T.O. : « Je suis aujourd’hui sur plusieurs dossiers, que j’espère pouvoir conclure assez vite. Je me suis intéressé à l’immeuble BNP Paribas de la rue d’Alsace-Lorraine. C’était très cher, et il y avait une incertitude liée aux élections municipales. Finalement, je ne me suis pas positionné. En dehors de toute considération politique, un changement d’équipe municipale n’est pas sans conséquence sur des dossiers lourds comme celui-ci. Je pense au Bibent qui a été une verrue sur la place du Capitole pendant deux ans. Il m’avait fallu douze mois rien que pour avoir le permis de construire. Concernant l’immeuble Flunch, allée Jean Jaurès, les propriétaires ne veulent a priori pas vendre. En revanche, nous avons le projet de résidence senior, environ 4500 m2, dans l’immeuble du Bazacle ».

La crise a accéléré l’essor du commerce en ligne. Croyez-vous toujours aux magasins physiques ?

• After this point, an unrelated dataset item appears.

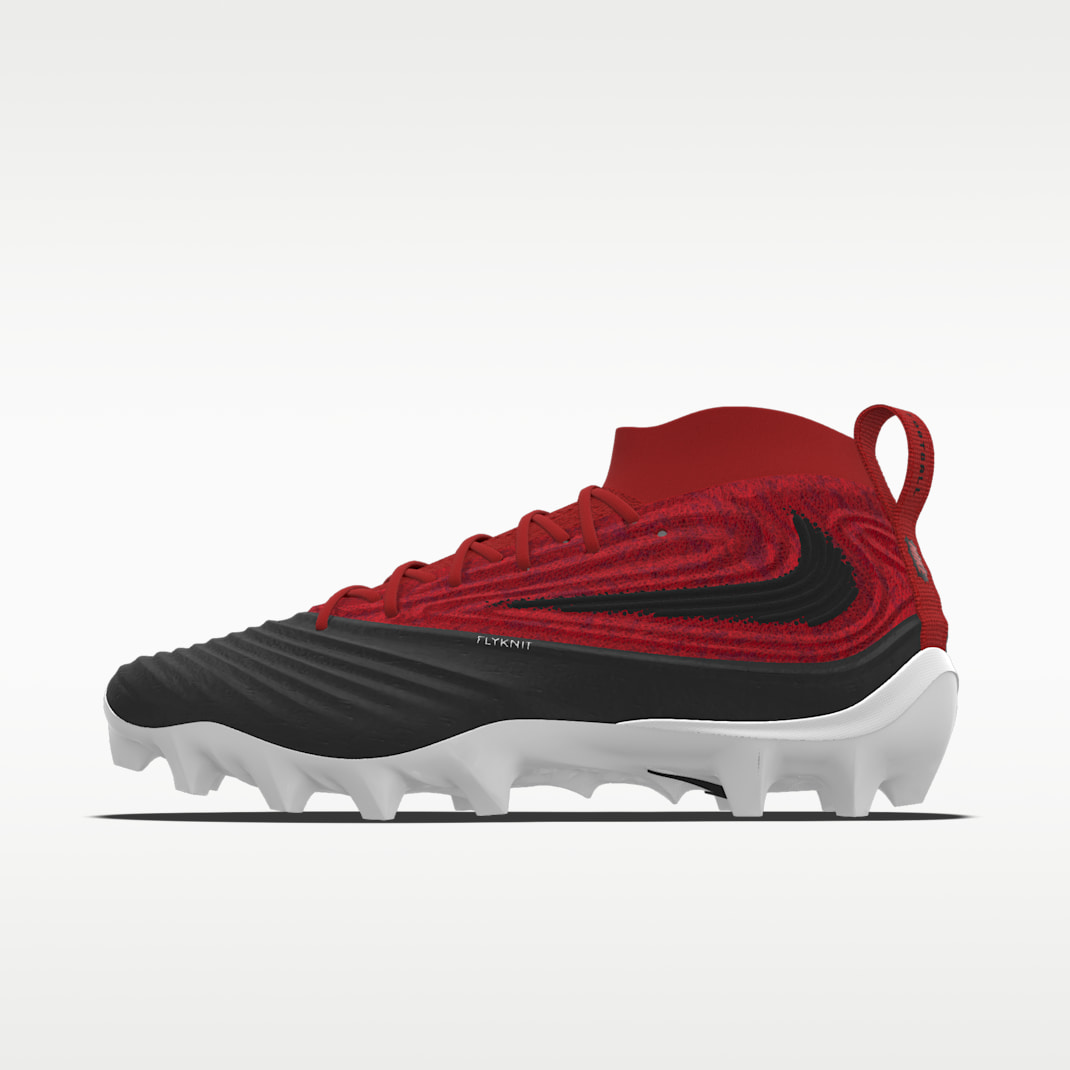 Tacos de futbol americano personalizados Nike Alpha Menace 5 Elite By You - Rojo gimnasio/Multicolor/Multicolor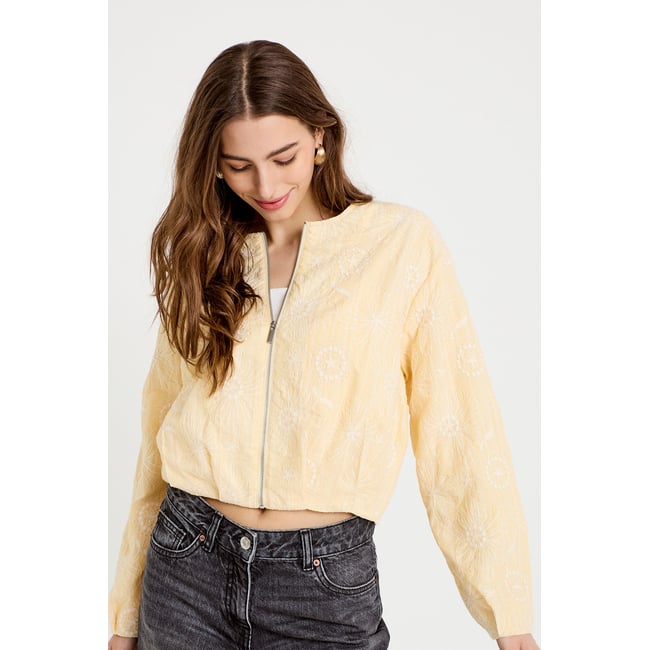 Veste cropped bas resserré jaune clair <span itemprop=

T.O. : « Je suis un grand fan du magasin en centre-ville ! Il y a un vrai marché. Regardez après deux mois de confinement, les gens avaient besoin de sortir, de pouvoir flâner dans les rues de Toulouse… Les rues sont bondées le samedi. Un remaniement au sein des commerces devrait se produire, avec la disparition de commerces qui ne survivront pas à la crise. D’autres vont émerger. En juin, j’ai vu une dizaine d’enseignes – que je ne connaissais pas pour la plupart – venir se renseigner, visiter et nous faire des propositions. Ces enseignes veulent être en cœur de ville ».